- RECORDS TO PROCESS:
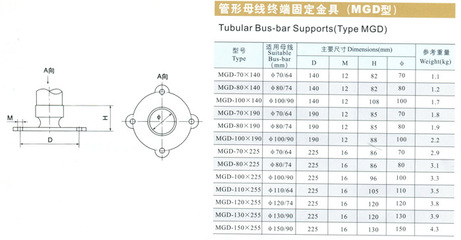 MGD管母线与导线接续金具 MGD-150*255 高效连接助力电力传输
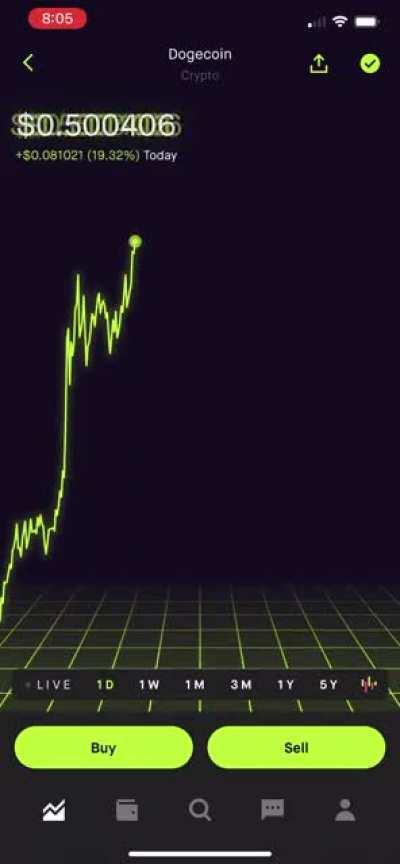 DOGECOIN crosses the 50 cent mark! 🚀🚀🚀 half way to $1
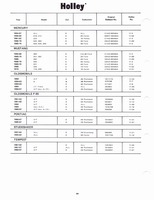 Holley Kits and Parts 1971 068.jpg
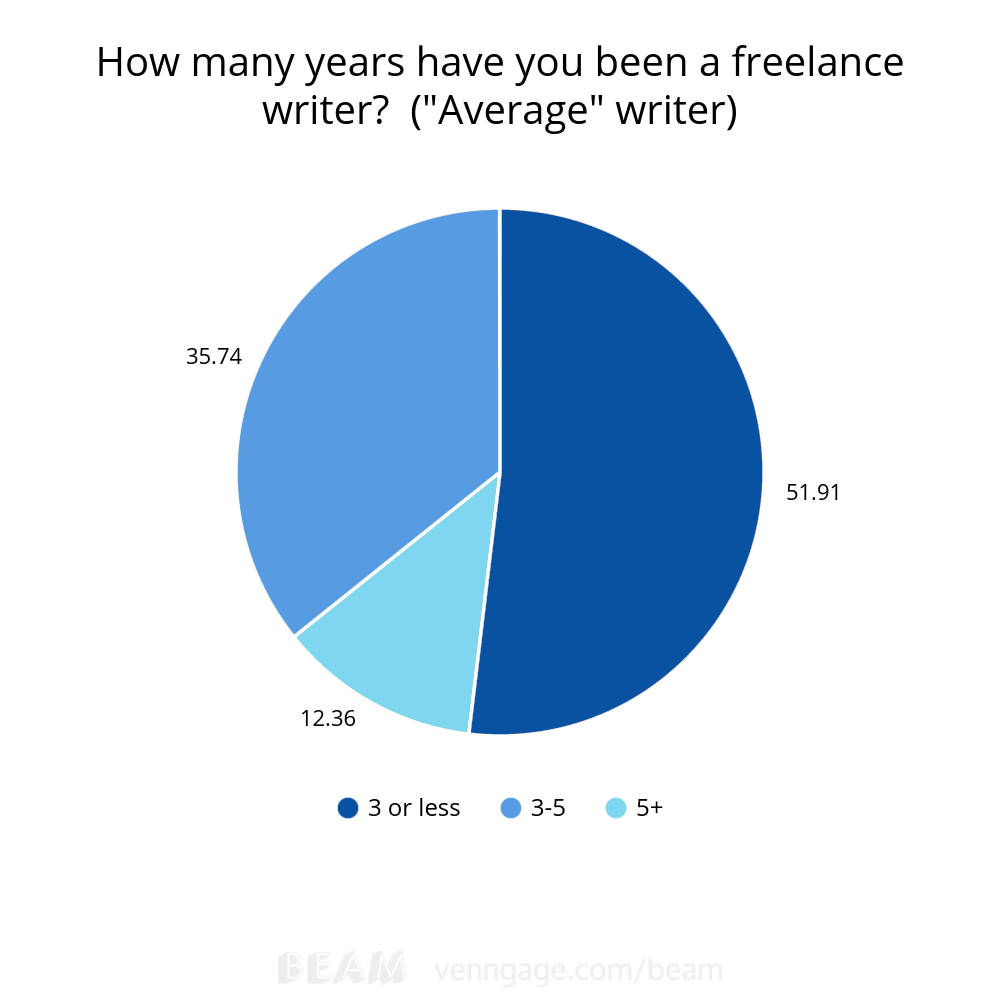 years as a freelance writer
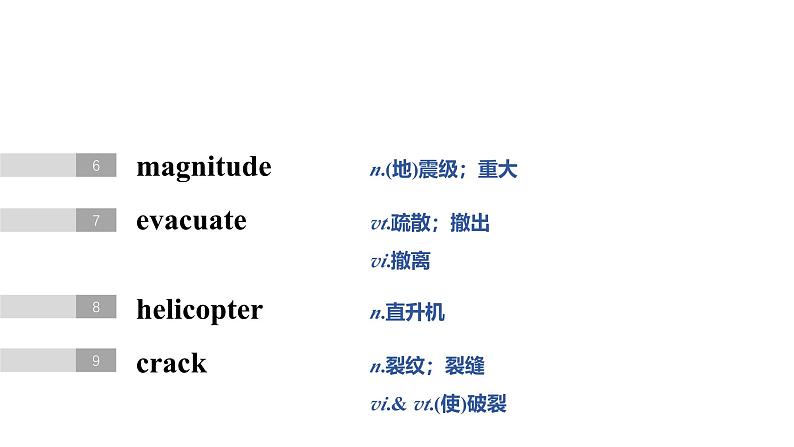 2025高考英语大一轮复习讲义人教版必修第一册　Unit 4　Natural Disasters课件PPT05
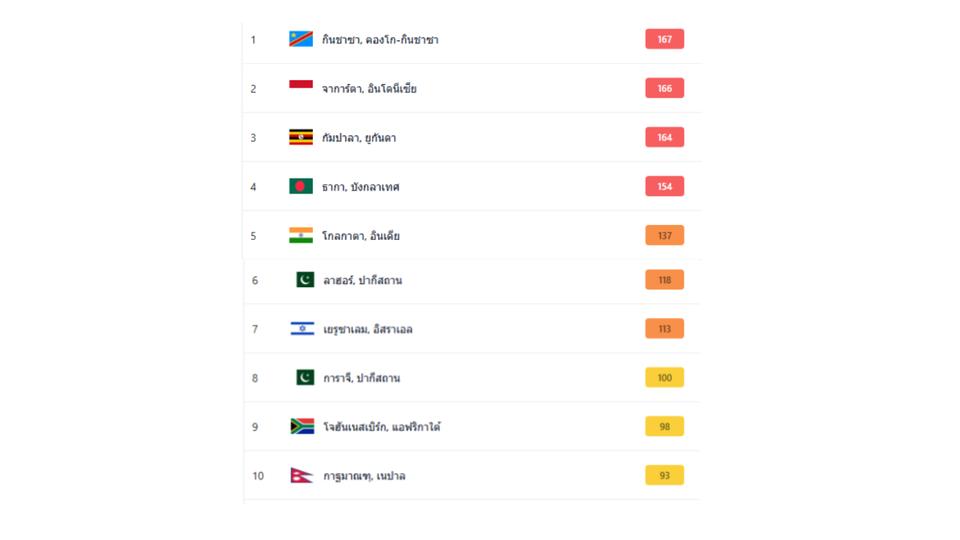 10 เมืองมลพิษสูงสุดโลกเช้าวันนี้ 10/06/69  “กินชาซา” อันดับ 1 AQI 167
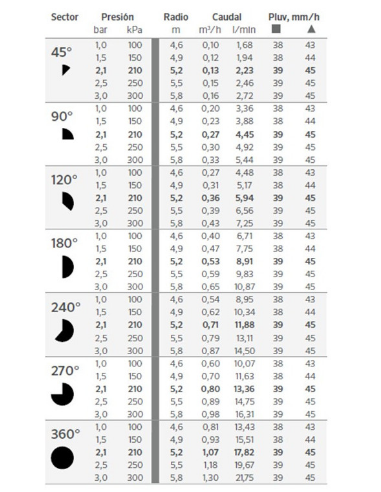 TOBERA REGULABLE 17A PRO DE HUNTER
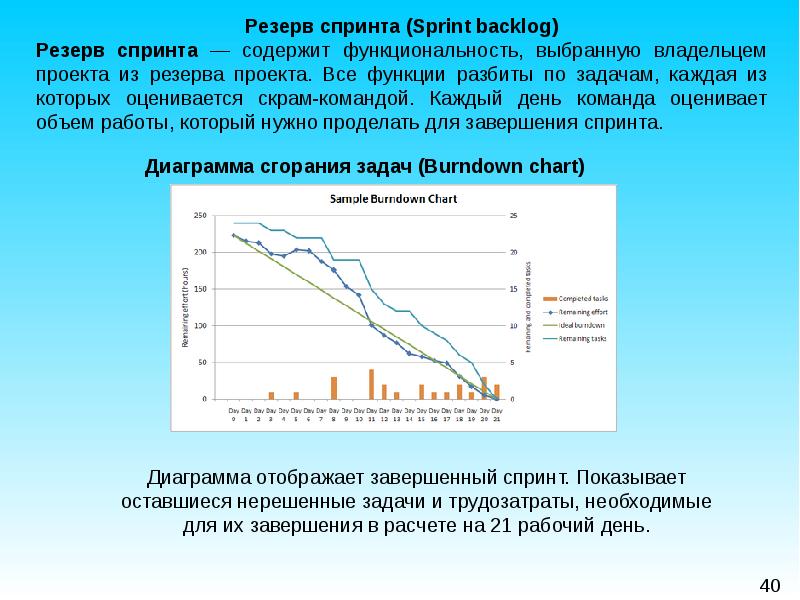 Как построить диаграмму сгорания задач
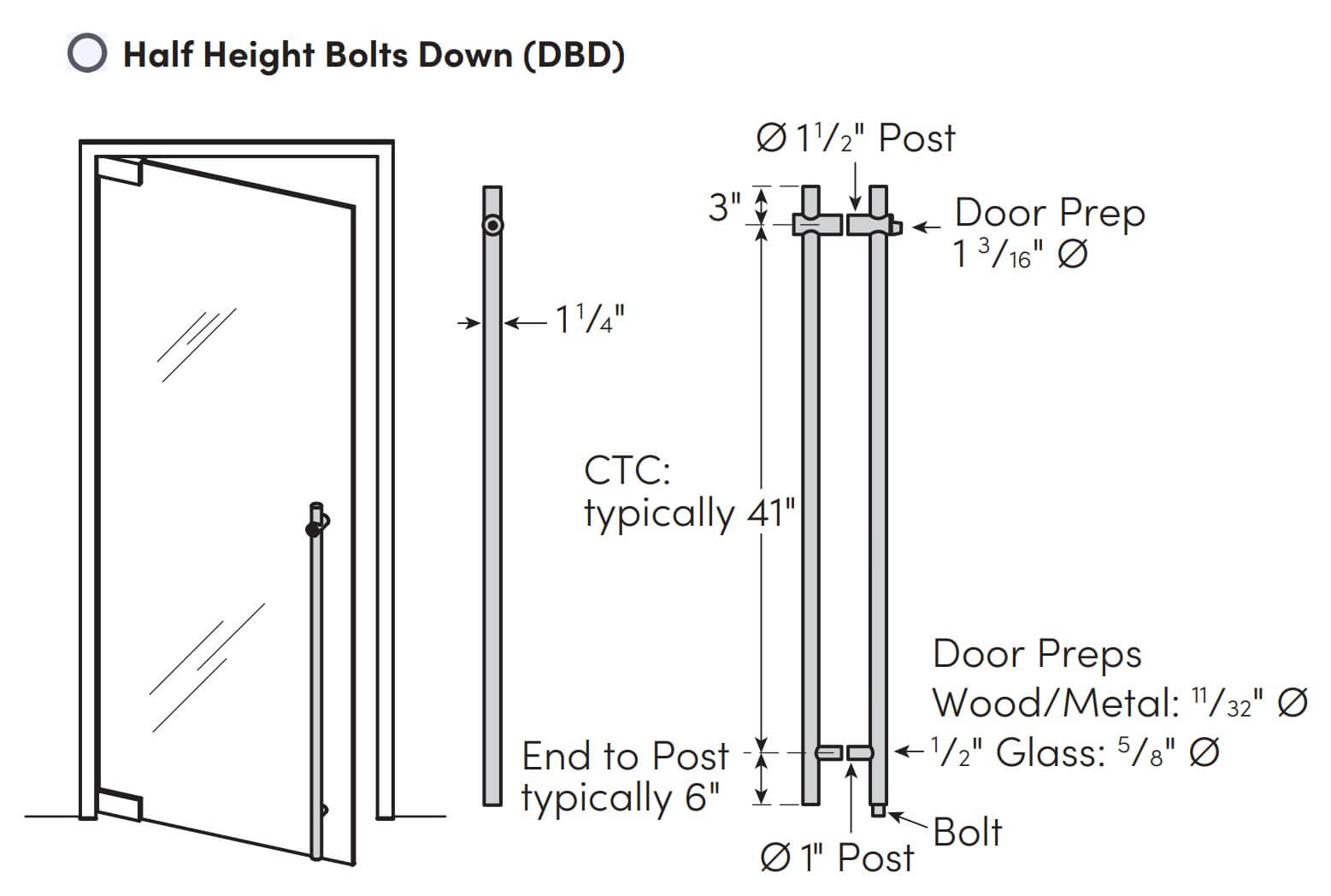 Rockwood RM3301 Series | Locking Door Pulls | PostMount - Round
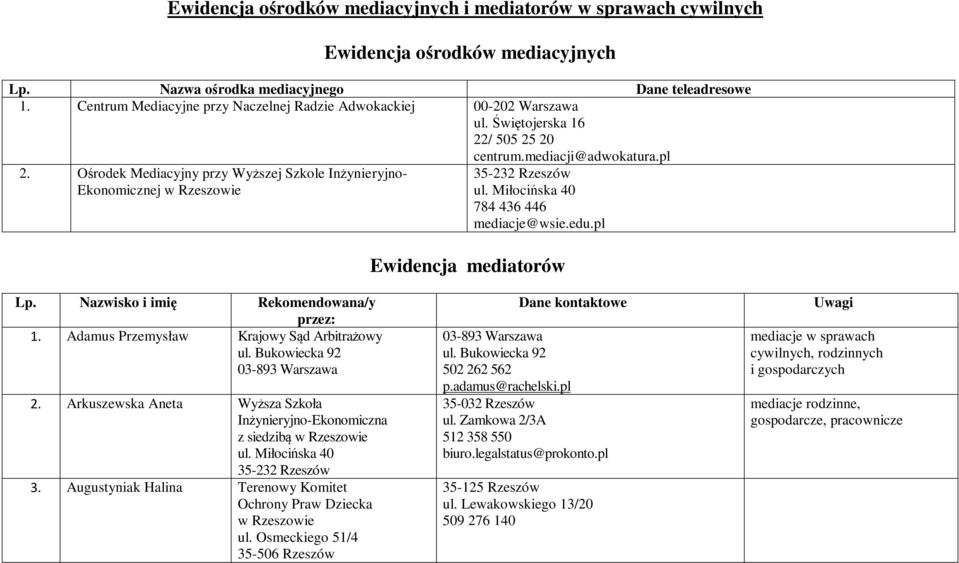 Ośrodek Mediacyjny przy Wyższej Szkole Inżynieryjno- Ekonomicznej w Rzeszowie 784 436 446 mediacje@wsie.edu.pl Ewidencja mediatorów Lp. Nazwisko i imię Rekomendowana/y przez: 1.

- PROBLEM STATEMENT: Starting with the line that holds "2025高考英语大一轮复习讲义人教版必修第一册　Unit 4　Natural Disasters课件PPT05", reproduce exactly each line up to and including the last line of the material above, and drop the pictures.

- SOLUTION TO THIS TASK:
 2025高考英语大一轮复习讲义人教版必修第一册　Unit 4　Natural Disasters课件PPT05
 10 เมืองมลพิษสูงสุดโลกเช้าวันนี้ 10/06/69  “กินชาซา” อันดับ 1 AQI 167
 TOBERA REGULABLE 17A PRO DE HUNTER
 Как построить диаграмму сгорания задач
 Rockwood RM3301 Series | Locking Door Pulls | PostMount - Round
 Ośrodek Mediacyjny przy Wyższej Szkole Inżynieryjno- Ekonomicznej w Rzeszowie 784 436 446 mediacje@wsie.edu.pl Ewidencja mediatorów Lp. Nazwisko i imię Rekomendowana/y przez: 1.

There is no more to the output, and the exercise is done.